バイデン大統領や多くの民主党議員は2025年までに最低賃金を時給15ドルに引き上げたい考えで、大統領が掲げる1兆9000億ドル規模の経済対策案に盛り込んだ。

民主党は上院で、単純過半数での法案可決を可能にする財政調整措置(リコンシリエーション)と呼ばれる手続きを活用し、共和党の賛成なしで経済対策を成立させることを目指している。

だが、この手続きを活用する場合には法案に盛り込む内容が規則によって制限され、上院の議事運営専門員であるエリザベス・マクドノー氏が判断する役割を担う。

ホワイトハウスのサキ報道官は声明で、バイデン大統領は法案に盛り込めないとの判断に「失望している」とコメント。大統領は「今後の最善の道筋を探るために議会指導部と取り組む。フルタイムで勤務しているのに貧困生活を送る人がこの国にいるべきではないからだ」とした。

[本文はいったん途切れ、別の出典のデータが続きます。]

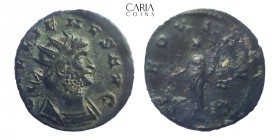 Gallienus. AD 253-268.Rome. Bronze Æ Antoninianus. 19 mm, 4.38 g. Near very fine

上院民主党トップのシューマー院内総務は声明で「困窮の生活を送る数百万人の米国人労働者とその家族を助けるため、最低賃金の15ドルへの引き上げに向けた闘いを諦めない」と強調した。

一方、上院予算委員会の共和党トップ、グラム議員は議事運営専門員の判断に「非常に満足している」とツイッターで表明。「両党とも、財政調整措置を使って主要な法律の変更を単純過半数で可決することはできないということを補強する判断だ」とした。

ただ、経済対策法案に盛り込むことができなくても、財政調整措置を使わずに個別の法案で最低賃金引き上げを実現することは可能。

共和党のコットン、ロムニー両上院議員は23日に最低賃金の時給10ドルへの引き上げを提案。一方、民主党の全議員が15ドルへの引き上げを支持しているわけではなく、マンチン上院議員は2年間かけて11ドルに引き上げる案を示している。

連邦政府が定める最低賃金は現在、時給7.25ドル。最後に引き上げられたのは2009年だった。

ペロシ下院議長は議事運営専門員の判断が下された後に、下院で26日に経済対策法案を審議する際には最低賃金の15ドルへの引き上げが依然、盛り込まれることになると述べた。